The union of American worker and American farmer is hardly less remote than the union of worker and soldier. Since the war, repeated attempts to form a farmer-labor party have yielded minimal results. Under the New Deal, such an alignment seems even less probable than before. The Department of Agriculture in itself embodies more completely than any other branch of the Administration the change from party to Party which has occurred; it is more completely staffed with men free from personal ends and committed to social experiment on a nationwide scale. The consent which it has obtained for the social discipline which it advocates is the result of an active and positive policy. It is consequently less likely than the N. R. A. or the C. W. A. to be faced by a large-scale revolt of the group with which it is dealing.
Because no one of the special groups in the nation is as yet capable of establishing a dictatorship in its sole interest, there is still time—a short time—for the American government to be reconstituted in a form both suitable to the exigencies of the age and representative of the interest of the whole. If the present Administration is not to be supplanted, it must accomplish three things.
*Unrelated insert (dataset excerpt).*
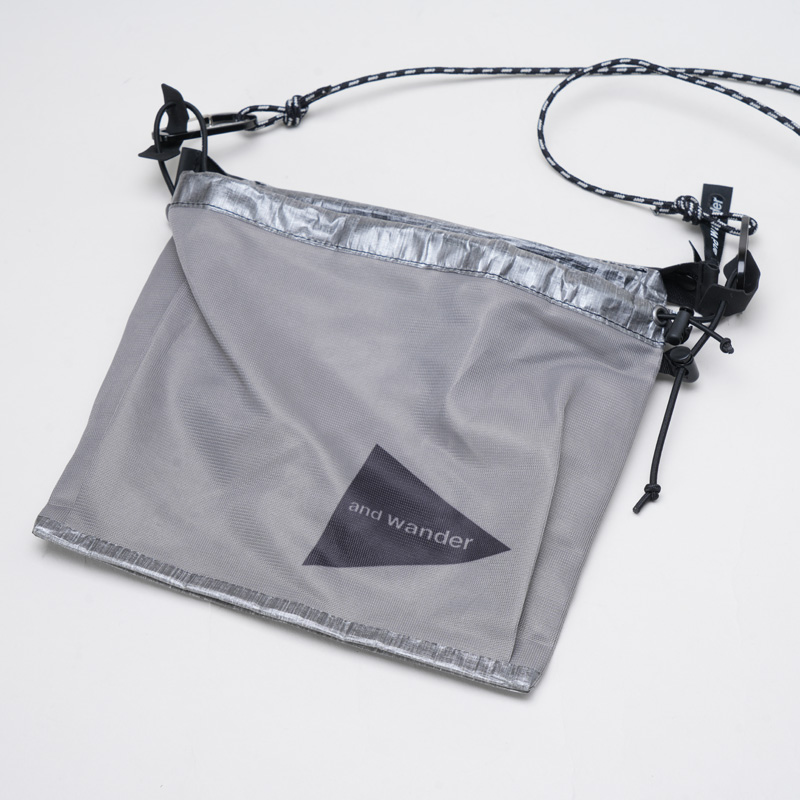 and wander(����ɥ�����) UL sacoche with Dyneema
It must transform its party into a Party: at that task, considerable progress has been made. In the chaps of a capitalist depression it must find the main lines of an economic order which will give “the assurance of a rounded and permanent national life”: at that task, with uneven success, work has been begun. Beyond these lies a third and indispensable task which has so far been left largely untouched because its immediacy is general where the immediacy of the first two is specific. In his inaugural address Mr. Roosevelt said, “We do not distrust the future of essential democracy.” If the social discipline which he proposes is to be based upon consent rather than force, its relation to what is essential in democracy must be defined. The definition cannot be long postponed.